# Converting from Rectangular Coordinates to Polar - Concept

###### Explanation

We will often be asked to convert rectangular to polar coordinates, and this conversion will be very important to understand in Calculus. In order to **convert rectangular to polar coordinates**, we use the distance formula to find the radius, and the inverse tangent function to find the angle. We may also sometimes be asked to convert from polar coordinates to rectangular coordinates.

###### Transcript

Converting from rectangular coordinates to polar coordinates. And that can be kind of tricky because remember that the polar coordinates for a point are not unique. So let's make a rule here that we're going to get r to be greater than or equal to 0 and theta between 0 and 2 pi. This will allow us to get a unique set of polar coordinates for a point and there will be a lot less confusion. Your teacher may actually have a requirement like that as well.

So all of these are rectangular coordinates. I want to convert them to polar. So let's start with this one. So x is root 3 and y is 3. Now the first thing I can do is use this formula here to find the r value, right? The distance of the point from the pole. So r squared is root 3 squared plus 3 squared. That's 3+9 12. So r=2 root 3. Remember you should the positive value for r so there's no plus or minus here. We want the positive value. And then we can use these formulas to find theta. So you have x=r cosine theta and that means cosine theta equals x over r. Now x is root 3, r is 2 root 3. And so that's one half. And I also use this formula, right? y=r sine theta. So sine theta is y over r. The y value is 3, the r value is 2 root 3 and I can rationalize this denominator by multiplying by root 3 over root 3 and I get 3 root 3 over 2 times 3. The threes cancel. Root 3 over 2. So the question is what angle has a cosine of one half and a sine of root 3 over 2?

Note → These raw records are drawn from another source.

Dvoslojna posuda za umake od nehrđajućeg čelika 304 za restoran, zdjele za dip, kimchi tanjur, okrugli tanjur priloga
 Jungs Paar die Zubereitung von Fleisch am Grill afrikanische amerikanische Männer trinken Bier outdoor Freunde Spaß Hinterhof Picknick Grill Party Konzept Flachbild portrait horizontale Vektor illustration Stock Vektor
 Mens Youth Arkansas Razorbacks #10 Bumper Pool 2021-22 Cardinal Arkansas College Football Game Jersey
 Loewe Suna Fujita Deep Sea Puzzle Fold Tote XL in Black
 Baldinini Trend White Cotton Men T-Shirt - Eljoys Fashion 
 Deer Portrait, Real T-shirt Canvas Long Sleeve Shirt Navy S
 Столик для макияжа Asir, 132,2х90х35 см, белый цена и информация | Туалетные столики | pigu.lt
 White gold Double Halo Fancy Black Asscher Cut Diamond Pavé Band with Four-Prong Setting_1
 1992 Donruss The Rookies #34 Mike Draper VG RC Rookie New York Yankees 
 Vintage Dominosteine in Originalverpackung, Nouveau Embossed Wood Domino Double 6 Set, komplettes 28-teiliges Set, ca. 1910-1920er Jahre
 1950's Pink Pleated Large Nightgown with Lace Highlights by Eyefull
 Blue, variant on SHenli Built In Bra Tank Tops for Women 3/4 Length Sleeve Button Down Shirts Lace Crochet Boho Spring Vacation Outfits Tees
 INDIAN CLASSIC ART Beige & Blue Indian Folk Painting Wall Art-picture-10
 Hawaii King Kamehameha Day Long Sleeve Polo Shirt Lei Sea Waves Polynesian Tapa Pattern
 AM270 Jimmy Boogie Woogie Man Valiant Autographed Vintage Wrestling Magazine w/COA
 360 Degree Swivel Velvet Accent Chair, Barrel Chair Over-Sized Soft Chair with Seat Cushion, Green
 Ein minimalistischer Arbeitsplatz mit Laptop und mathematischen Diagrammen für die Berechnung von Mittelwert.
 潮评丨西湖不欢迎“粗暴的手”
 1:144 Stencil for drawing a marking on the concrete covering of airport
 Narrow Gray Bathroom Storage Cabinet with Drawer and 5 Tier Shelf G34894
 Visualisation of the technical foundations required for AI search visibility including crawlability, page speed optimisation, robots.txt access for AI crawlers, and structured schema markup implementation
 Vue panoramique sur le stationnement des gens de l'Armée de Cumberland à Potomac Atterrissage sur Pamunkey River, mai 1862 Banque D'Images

Well, that's pi over 3. Theta's pi over 3. And remeber we want theta to be between 0 and 2 pi. I mean there is another angle of 7 pi over 3 that works but it's not in the interval that we want. So this is the theta that we want and the polar coordinates are going to be, remember r comes first, so 2 root 3 theta. Pi over 3.

Okay, let's try another example. The point -5 5. First, r squared equals x squared plus y squared. So -5 squared plus 5 squared. That's 25+25 or 50. And that means that r equals 5 root 2. Again, we picked up the positive value. And we're going to use the fact that cosine theta is x over r, -5 over 5 root 2 and that's -1 over root 2 which is the same as -2 over root 2 over 2. And sine theta is y over r. So it's 5 over 5 root 2, 1 over root 2 which is root 2 over 2. Now what angle has a cosine that's negative root 2 over 2 and a sine that's positive root 2 over 2? You could draw a little unit circle if you like. We're over here, right? A negative a negative cosine value and a positive sine value. This is going to be a reference angle of 45 degrees. The angle's 135 which in radiance is 3 pi over 4. Now that means my point is going to be r first 5 root 2 theta, 3 pi over 4.

And finally let's do 0 -10. Actually this one's pretty easy. If you if you graph this point, you can kind of see that well, we can't really use an angle of negative pi over 2 because it's not in the interval that we want. But you can use an angle of 3 pi over 2. So theta would be 3 pi over 2. And remember that r is just a distance from the origin, which is 10. So this would be 10 3 pi over 2. So it's much easier if you're converting a point that is on a coordinate axis in the polar coordinates.